**What you have to do**
Reproduce every entry that follows word for word, but omit the images.

Scraped caption text data:
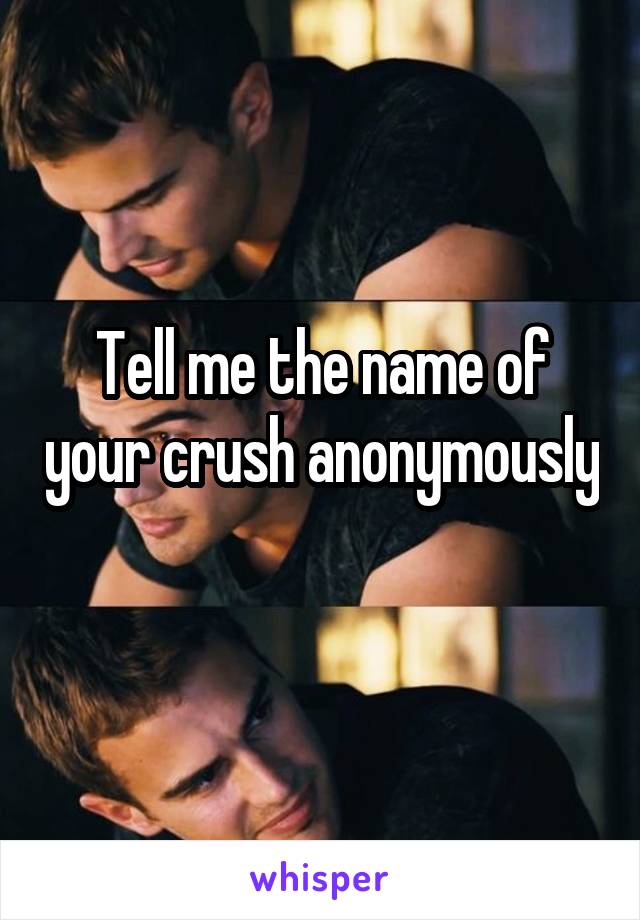 Tell me the name of your crush anonymously 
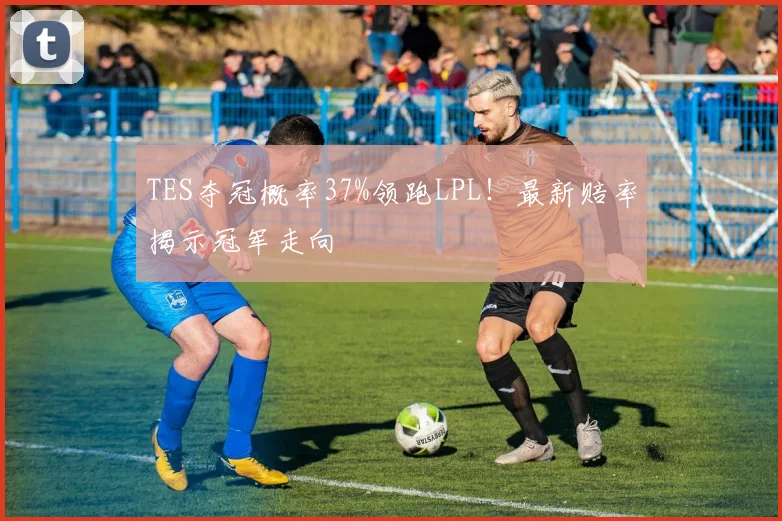 TES夺冠概率37%领跑LPL！最新赔率揭示冠军走向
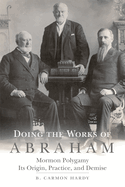 Doing the Works of Abraham: Mormon Polygamy--Its Origin, Practice, and Demise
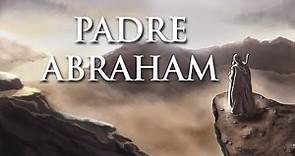 Padre Abraham - Lección 3: La Vida de Abraham: Aplicación Moderna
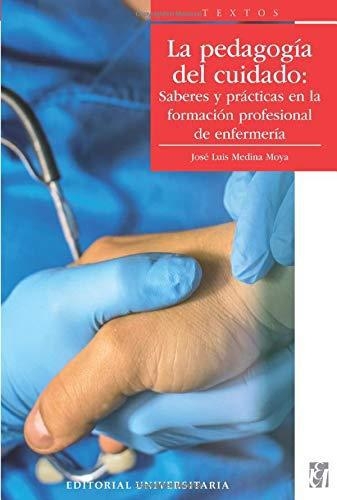 Pedagogia Del Cuidado Saberes Practicas En La Formacion Profesional De Enfermeria, La
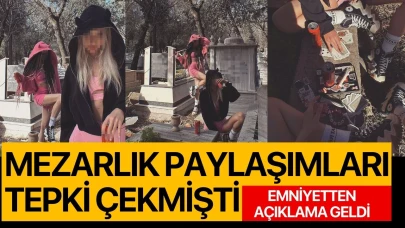 Mezarlık paylaşımları tepki çekmişti!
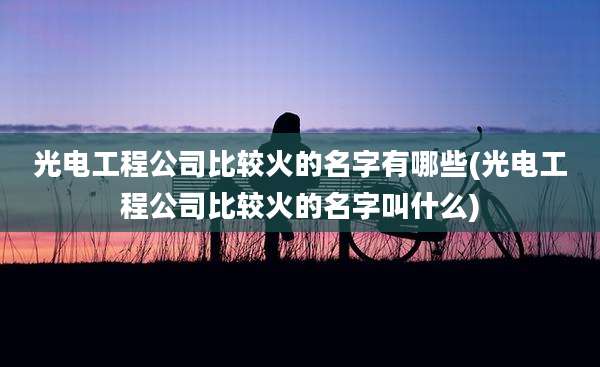光电工程公司比较火的名字有哪些(光电工程公司比较火的名字叫什么)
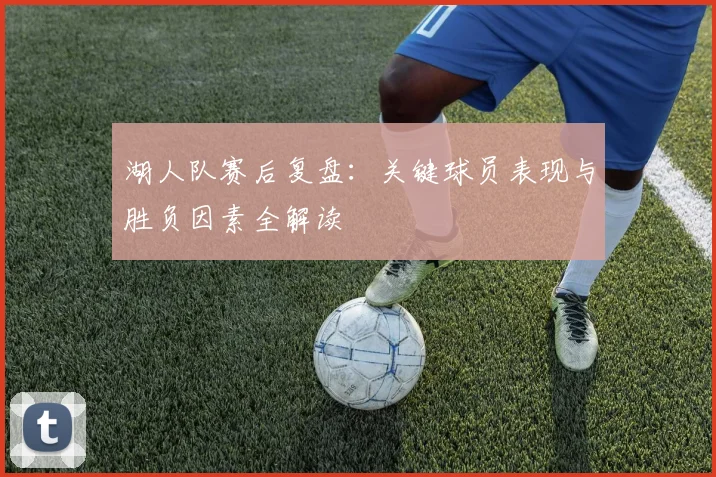湖人队赛后复盘:关键球员表现与胜负因素全解读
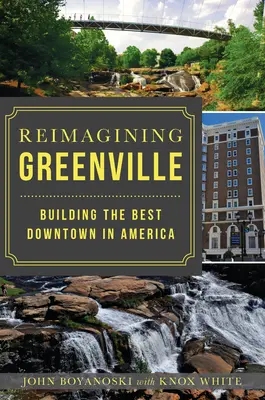 Reimagining Greenville: Znovuobjevení Greenville: Greenville: Budování nejlepšího centra v Americe - Reimagining Greenville: Building the Best Downtown in America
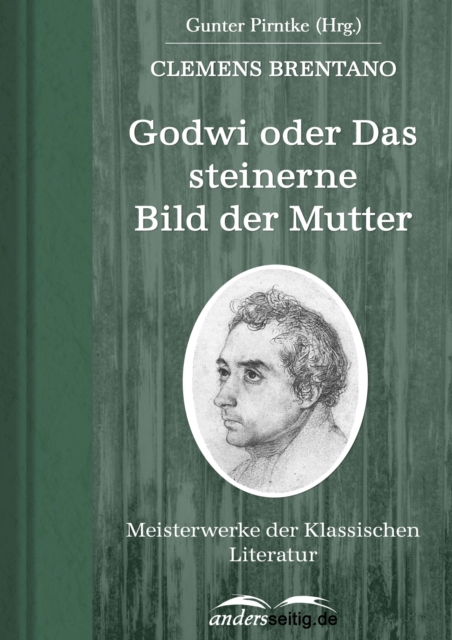 Godwi oder Das steinerne Bild der Mutter : Meisterwerke der Klassischen Literatur, EPUB eBook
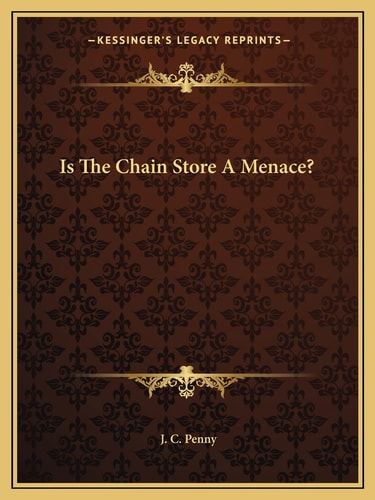 Is The Chain Store A Menace?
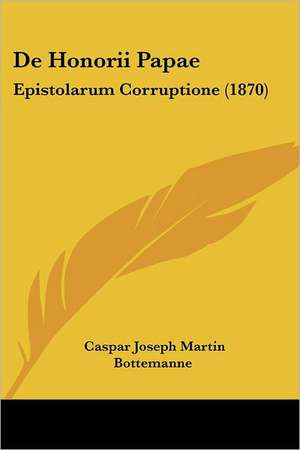 De Honorii Papae de Caspar Joseph Martin Bottemanne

**Written solution**
 Tell me the name of your crush anonymously 
 TES夺冠概率37%领跑LPL！最新赔率揭示冠军走向
 Doing the Works of Abraham: Mormon Polygamy--Its Origin, Practice, and Demise
 Padre Abraham - Lección 3: La Vida de Abraham: Aplicación Moderna
 Pedagogia Del Cuidado Saberes Practicas En La Formacion Profesional De Enfermeria, La
 Mezarlık paylaşımları tepki çekmişti!
光电工程公司比较火的名字有哪些(光电工程公司比较火的名字叫什么)
湖人队赛后复盘:关键球员表现与胜负因素全解读
 Reimagining Greenville: Znovuobjevení Greenville: Greenville: Budování nejlepšího centra v Americe - Reimagining Greenville: Building the Best Downtown in America
 Godwi oder Das steinerne Bild der Mutter : Meisterwerke der Klassischen Literatur, EPUB eBook
 Is The Chain Store A Menace?
 De Honorii Papae de Caspar Joseph Martin Bottemanne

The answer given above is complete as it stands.